Bush, at a news conference here with South African President Thabo Mbeki during a five-nation African tour, took on his critics.
"There's no doubt in my mind that when it's all said and done the facts will show the world the truth," he said. "There's going to be, you know, a lot of attempts to try to rewrite history, and I can understand that. But I'm absolutely confident in the decision I made."
Bush did not directly address the misstatement itself, made during his State of the Union address. Instead, he defended his decision to go to war based on a larger body of information.
That's the tactic -- avoidance at White House level.
The latest example of this is what Gov.
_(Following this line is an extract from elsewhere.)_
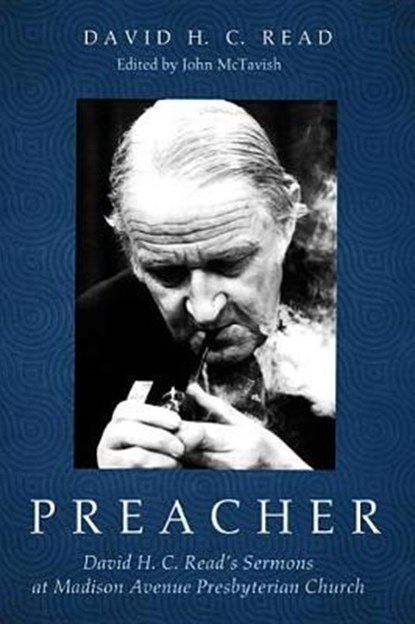 Preacher, READ,  David H. C. - Gebonden - 9781532605765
Kean just said about the failure of the 9/11 commission to obtain important -- key -- documents from the administration. No one, Justice, Pentagon -- no one is yielding the key stuff. But the White House maintains an attitude of cooperation (keeping its fingers crossed, no doubt, until the Commission's charter runs out in May '04).
But there are more and more organizations making stinks, pointing fingers at the president. The families of victims' organizations clearly do not intend to let this go. MoveOn and other organizations are rallying supporters to barrage Congress about Iraq invasion lies. The issues are not going to go away, and Bush is going to wind up with mud on his face... and elsewhere.
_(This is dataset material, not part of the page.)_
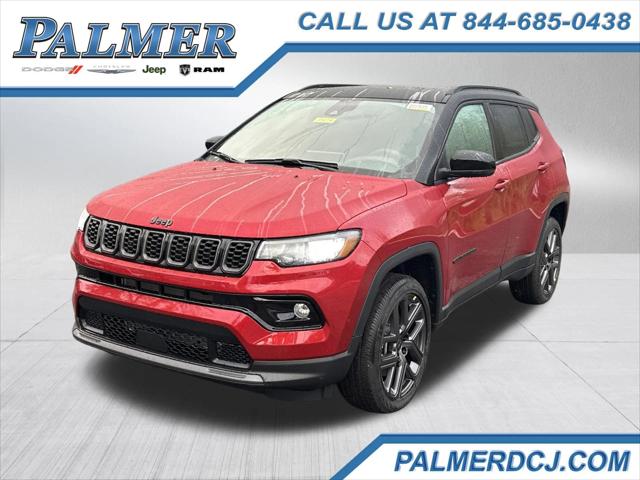 2026 Jeep Compass COMPASS LIMITED ALTITUDE 4X4 2026 Jeep Compass COMPASS LIMITED ALTITUDE 4X4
Tartar, I find this administration's diversion tactics very childish, but it seems to work with most Americans. GWBush is now spending his time in Africa. What's wrong with this picture? c.i.
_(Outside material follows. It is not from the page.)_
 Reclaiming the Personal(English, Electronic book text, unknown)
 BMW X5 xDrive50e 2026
I think he's ready to cry - "Where's my mommy!!!!!!!!!!!!!"
About as jumbled a thought as anyone in the second grade. c.i.
That's probably an insult of all second graders. c.i.
Trying to push buttons and spin - only ending up insulting people, sheeeze!
Quote:http://story.news.yahoo.com/news?tmpl=story&u=/nm/bush_africa_anger_dc
On Goree Island, Bush Visit Sparks Anger
Tue Jul 8,12:00 PM ET
By Clar Ni Chonghaile
GOREE ISLAND, Senegal (Reuters) - President Bush (news - web sites) made an eloquent speech but did not win many friends during his brief visit to Goree Island off Senegal on Tuesday.
We are very angry. We didn't even see him," said Fatou N'diaye, a necklace seller watching dignitaries file past to return to the mainland at the end of Bush's tour.
N'diaye and other residents of Goree, site of a famous slave trading station, said they had been taken to a football ground on the other side of the quaint island at 6 a.m. and told to wait there until Bush had departed, around midday.
Bush came to Goree to tour the red-brick Slave House, where Africans were kept in shackles before being shipped across a perilous sea to a lifetime of servitude.
He then gave an eloquent speech about the horrors of slavery, standing at a podium under a sizzling sun near a red-stone museum, topped by cannon pointing out to the sea.
The cooped-up residents were not impressed.
"It's slavery all over again," fumed one father-of-four, who did not want to give his name. "It's humiliating. The island was deserted."
..............
Sound familar, just like the area all around the square when the statue of Saddam was pulled down by the "orchestrated" towns people.